Repeat only the stretch of lines below that runs from the line with "対人営業力とAI活用の両立層は成果向上の実感が2.7倍に　共同調査で判明" through the line with "Household Income by", unaltered.

#### Supplied records
=== Begin Enclosure ===

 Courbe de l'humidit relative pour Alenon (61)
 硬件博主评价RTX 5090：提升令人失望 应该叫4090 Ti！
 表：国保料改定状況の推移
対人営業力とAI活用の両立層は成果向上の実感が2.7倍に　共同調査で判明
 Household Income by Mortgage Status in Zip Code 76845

=== End Enclosure ===
=== Begin Enclosure ===

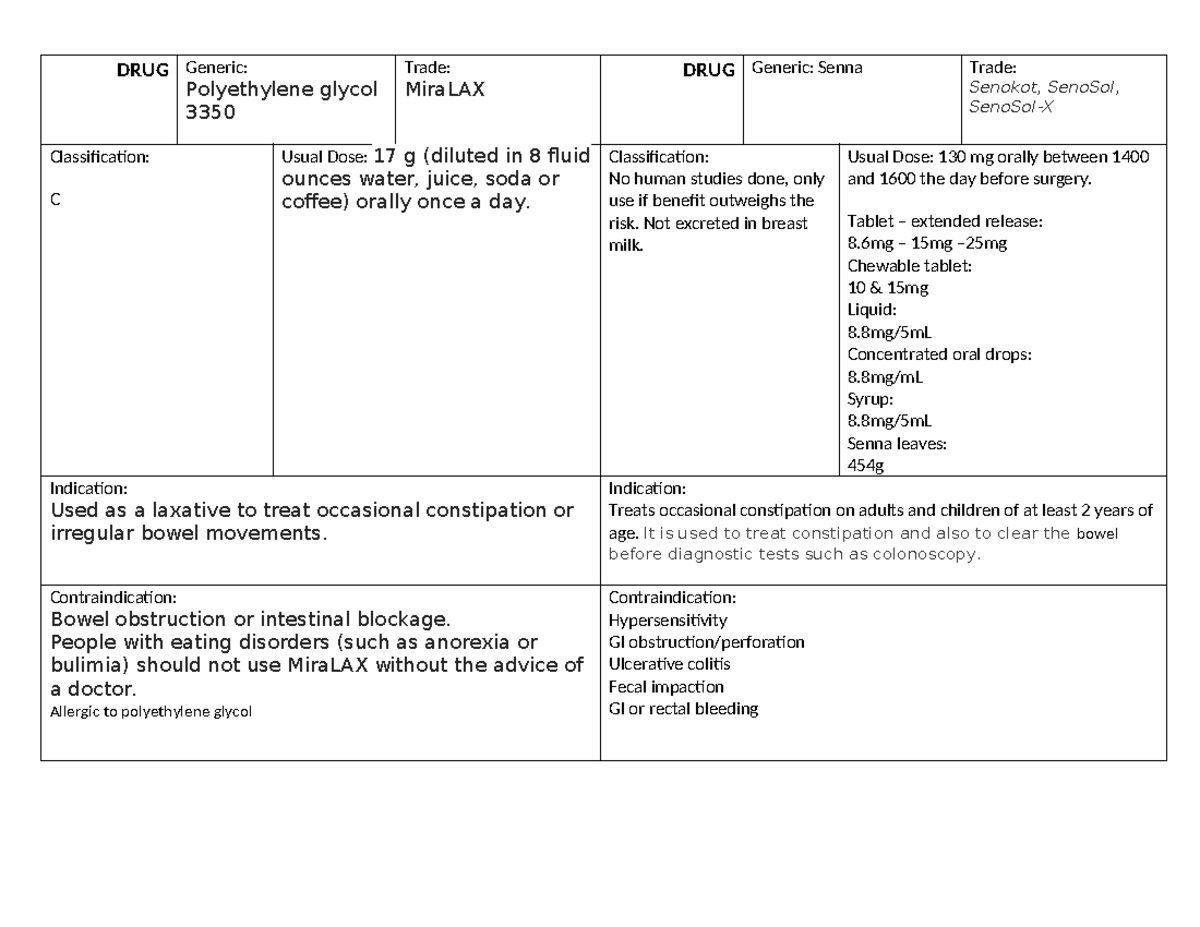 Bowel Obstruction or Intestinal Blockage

=== End Enclosure ===

#### Task output
対人営業力とAI活用の両立層は成果向上の実感が2.7倍に　共同調査で判明
 Household Income by Mortgage Status in Zip Code 76845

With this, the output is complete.